Entwickler können bereits mit Microsofts kommendem Betriebssystem arbeiten. Der offizielle Verkaufsstart ist erst am 26. Oktober.

Von Matthias Schüssler

Windows 8 ist seit einigen Tagen fertig. Über Microsofts Entwicklernetzwerk wird das neue Betriebssystem seit dem 15. August an Programmierer und an die PC-Hersteller ausgeliefert. Die breite Öffentlichkeit muss sich noch etwas gedulden, der offizielle Verkaufsstart erfolgt erst am 26. Oktober.

Mit der Karenzfrist will Microsoft den Herstellern Luft verschaffen, um die Hardware ans neue System anzupassen. Die Entwickler ihrerseits sollen fleissig Apps für die neue Kachel-Oberfläche schreiben. Der Windows Store wird, wenn Microsofts Rechnung aufgeht, beim Start in zwei Monaten ein vielfältiges Sortiment an Apps bereithalten. Und vielleicht braucht Microsoft auch noch Zeit, um den Kunden die Neuerungen schmackhaft zu machen und Goodwill aufzubauen.

Das ist auch bitter nötig. Tech-Kolumnist John C. Dvorak nennt es ein «vollkommenes Desaster», das dem Unternehmen die Zukunft verbauen könnte. Ein ZD-Net-Journalist nennt es «furchtbar», und auch Gabe Newell, der Chef des Spieleentwicklers Valve, nahm das Wort «Desaster» in den Mund. Kritisiert wird die radikale Umgestaltung der Oberfläche. Anstelle des Startmenüs tritt die Kachel-Oberfläche, die man von Mobiltelefonen mit Windows-Phone-Betriebssystem kennt. Sie bringt einen neuen Typus von Anwendungen, die immer im Vollbild ausgeführt werden. Es ist nicht möglich, diese Apps in überlappenden Fenstern zu betreiben, aber immerhin können zwei Anwendungen nebeneinanderstehen. Diese neue Oberfläche hiess bis vor kurzem Metro-Interface. Microsoft hat sie kurzfristig in Modern UI umbenannt. US-Medien vermuteten, dass die deutsche Metro AG mit einer Markenklage gedroht hatte.

Auf Tablets zugeschnitten

Modern UI ist aber nur der Anfang. Windows 8 ist zwar weiterhin mit Maus und Tastatur bedienbar, aber ganz auf Bedienung per Gesten zugeschnitten. Die sogenannte Charm-Leiste wird mit einer Fingergeste oder alternativ mit einer Mausbewegung oder einem Tastaturbefehl hervorgezaubert.

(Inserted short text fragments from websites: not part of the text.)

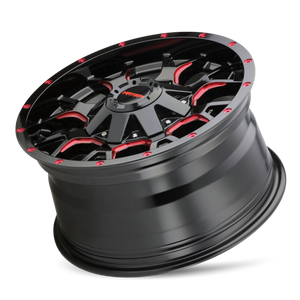 Mayhem 8015 Warrior 17x9 / 5x127 BP / -12mm Offset / 87mm Hub Black w/ Prism Red Wheel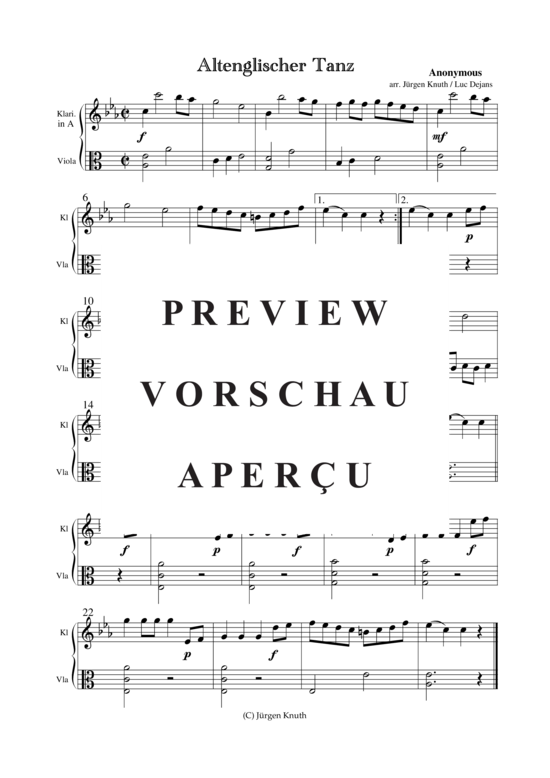 Altenglischer Tanz (Duett Klarinette in A + Viola) (Duett (2 St.)) von Unbekannter Verfasser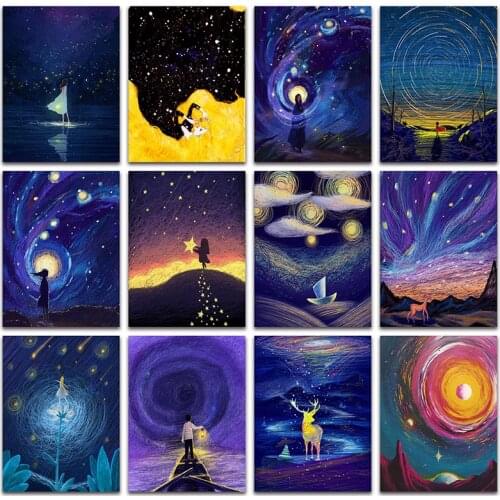 Diamond painting Cross stitch scenery night sky Full Square Diamond embroidery colorful starry sky DIY Diamond mosaic universe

Sie enthält Einstellungen zu Apps und zum Betriebssystem, Befehle zum Suchen, zum Informationsaustausch und zum Drucken. Einen stets sichtbaren Knopf zum Einblenden der Charm-Leiste gibt es nicht. Die Leiste und andere Elemente der Benutzeroberfläche erscheinen nur, wenn man die Geste oder das Tastaturkürzel zur Aktivierung kennt. Dieser Lernaufwand sei zu hoch, finden viele Kritiker von Windows 8.

Die radikale Umgestaltung rührt daher, dass Microsoft mit Windows 8 ein grosses Ziel realisiert hat: ein Betriebssystem für alle Geräteklassen. Windows 8 läuft nicht nur auf herkömmlichen Computern mit Intel-Prozessor, sondern auch auf Tablets mit den stromsparenden ARM-Prozessoren. Auch Windows Phone 8 enthält den neuen Systemkern. Dessen Oberfläche ist zwar für Mobiltelefone angepasst, aber dank der nahen Verwandtschaft wird es einfach sein, Apps parallel für PCs, Tablets und Smartphones zu programmieren. Für die Entwickler ein Vorteil.

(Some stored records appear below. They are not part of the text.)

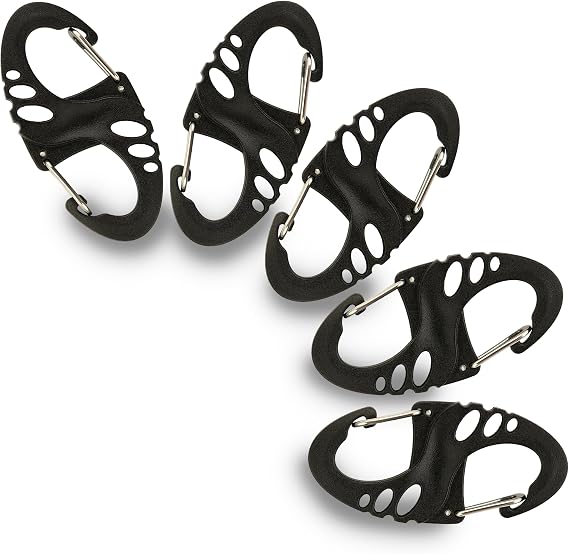 Carabiner Clip - Double Spring snap Hook- 5 Pack S-Biners - Locking Key Ring - Mini Carabiners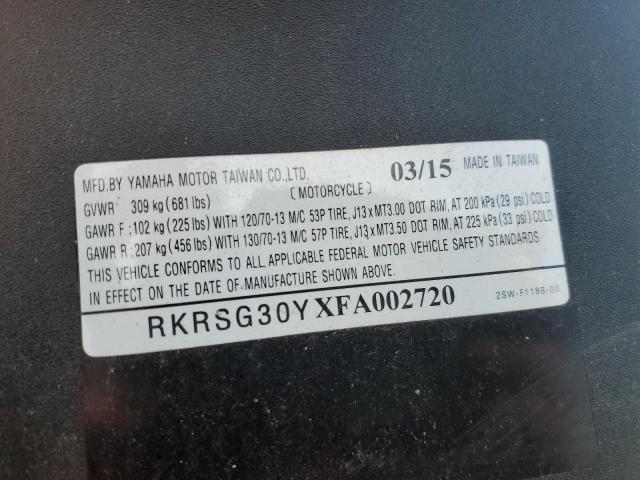 2015 YAMAHA XC155 RKRSG30YXFA002720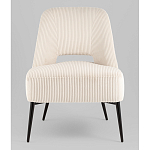 Кресло лаунж Бостон велюр рельефный молочный на черных ножках варинант исполнения - 4 | Loft Concept в Перми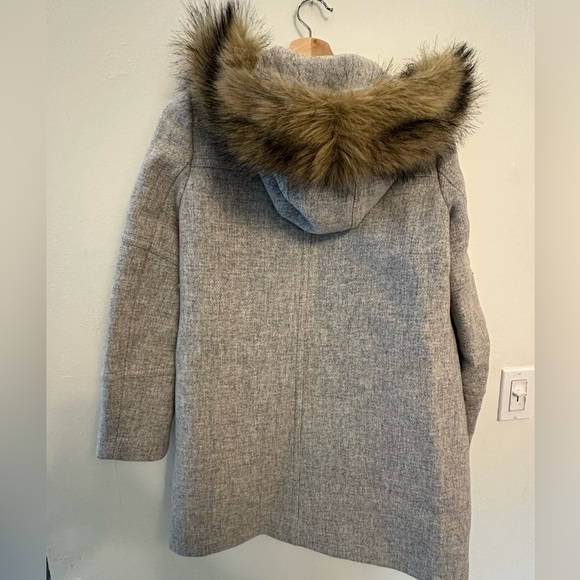 J. Crew Italian Wool Blend Pea Coat faux fur hood size 2 - Picture 6 of 9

Konfusion ist vorprogrammiert

Den Konsumenten nützt das wenig. Im Gegenteil: Es gibt zwischen den Windows-Varianten gewichtige Unterschiede. Der Windows-Desktop ist die Umgebung, in der die herkömmlichen Fensterprogramme laufen. Er steht vollumfänglich nur bei der Windows-Version für Intel-PCs zur Verfügung. Bei Windows RT gibt es zwar den Desktop, aber darin kann nur Microsoft Office 2013 und kein anderes «normales» Windows-Programm laufen. Windows RT kommt auf Tablets mit ARM-Prozessor zum Einsatz (das RT steht für «Runtume» und bezeichnet den Unterbau, auf dem die Kachel-Oberfläche läuft).

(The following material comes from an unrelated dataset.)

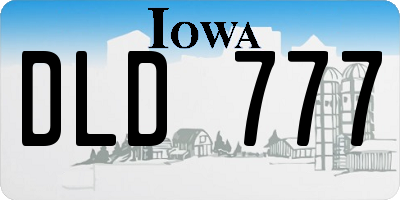 IA license plate DLD777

Das dürfte zu Konfusionen führen. Microsoft produziert zwei eigene Tablets, die fast genau gleich heissen, ähnlich aussehen, aber sich beim Desktop unterscheiden: Das Modell Surface läuft mit ARM und kann nur Modern-UI-Apps aus dem Windows-Store ausführen. Die Hunderttausenden klassischen Windows-Anwendungen laufen nur beim Modell Surface Pro, das einen Intel-Prozessor aufweist.

Ob Windows 8 ein Erfolg wird, steht und fällt mit dem Erfolg der Tablets. Falls Windows RT die Käufer überzeugt, wird dem Betriebssystem auch auf dem Desktop Auftrieb verliehen. Falls nicht, wird dort noch für Jahre Windows 7 dominieren.